Космонавт и роза [Сергей Савин] (fb2) читать онлайн


 [Настройки текста]  [Cбросить фильтры]

Сергей Савин Космонавт и роза

– Знаешь, на старых снимках «Аполлона-11» небо на Луне чёрное. Да, совсем-совсем чёрное. Никаких звёзд. Спрашиваешь, почему так? Да потому что хотели фотографировать поверхность, и камеры настроили так, чтобы было видно каждую песчинку, а про звёзды забыли. У людей часто так. Я с детства хотел своими глазами посмотреть, какие они в космосе. Звёзды. Фотографии, фильмы, игры – всё не то, это как тигр. Пока сам в зоопарк не сходишь, так и будешь думать, что это просто большой полосатый кот. Так и со звёздами. Там, на Земле, они совсем другие, а здесь… Яркие как самоцветы в варварской короне, разноцветные как рыбки в аквариуме, смотришь и не веришь, что такие бывают. До первого полёта я думал, что красивее летнего крымского неба ничего не бывает.

Ядро кометы Галлея как застывший шторм в ночном океане. Небольшие ложбины тут и там сменяются валами. Возможно, именно этот океан тяжёлой пыли стал когда-то прародителем жизни на Земле. За миллионы лет странствий в немых глубинах Солнечной системы, пыль слежалась так, что стала прочнее камня. На антрацитовой поверхности почти не остаётся следов.
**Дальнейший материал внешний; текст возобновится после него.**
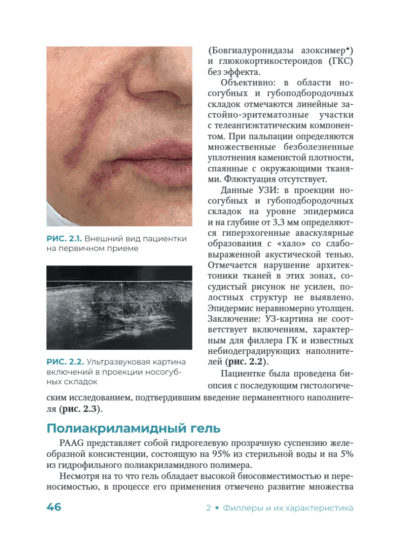 Постинъекционные осложнения в косметологии — изображение 2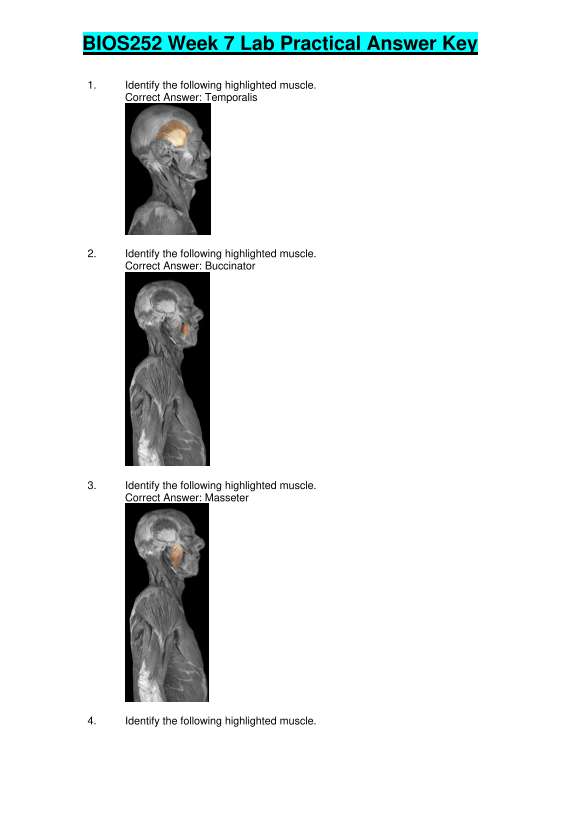 StudyResoures's tweet image. BIOS 252 Week 7 Lab Practical Answer Key (120 Q &amp;amp; A) / BIOS252 Week 7 Lab Practical (Latest): Anatomy and Physiology II: Chamberlain College
#bios252 #labpractical #anatomy #physiology #fliwy 
fliwy.com/item/348721/bi…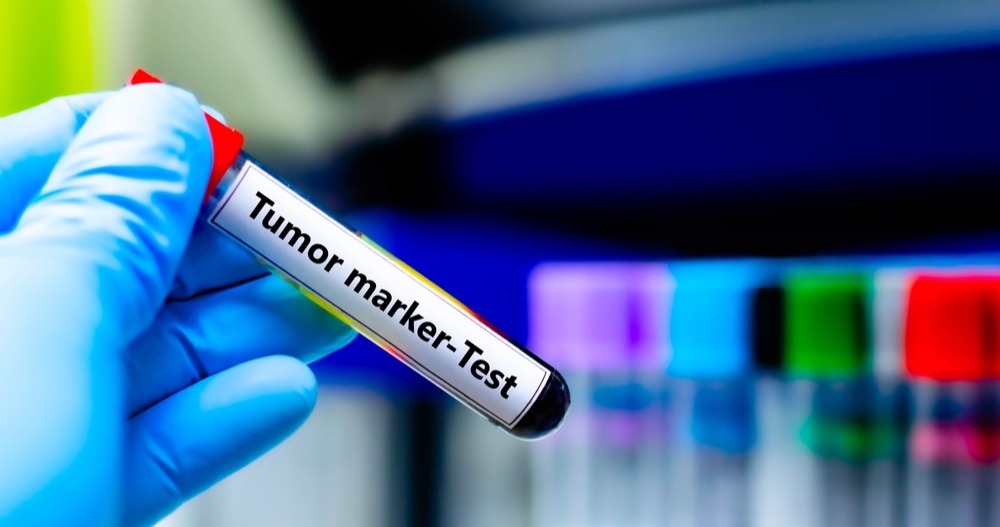 Tumori, in Europa crollano i trial clinici: in dieci anni dimezzate le sperimentazioni. Senza prevenzione non c'è futuro per le cure 1 shutterstock 2689328055 modificata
Человек в скафандре карабкается на самую высокую – дюну? сопку? скалу? – как жук-альбинос в чужом муравейнике, одинокий и упрямый. Он постоянно поглядывает на левое запястье, словно опаздывает на свидание. Серебристая палка в правой руке раз за разом впивается в склон. Чёрные облачка тяжёлой пыли вылетают из-под ног, висят в скучном раздумье какое-то время и оседают.

Комета Галлея небольшая, всего-то 15 километров по самой длинной оси, тут можно совершать кругосветное, точнее, кругокометное путешествие хоть десять раз на дню. Но ему столько не надо.

«Запас кислорода 65,2%» подсказывает экран на левой руке.

– А потом – космос. Когда попал в отряд, не мог своему счастью поверить. У нас в классе никто не мечтал стать космонавтом, только я. Все хотели в программисты или стримеры-ютуберы. В крайнем случае – в рэперы. А у меня отец вертолётчиком был военным, говорил, что лучше неба ничего нет. А ещё говорил – отступать нельзя, раз уж мечту выбрал. Ну, так я в училище и оказался. Как думаешь, вулканы тут есть? Вроде не должно быть, комета же. Но мало ли. Я ж на то и первооткрыватель, чтобы находить новое.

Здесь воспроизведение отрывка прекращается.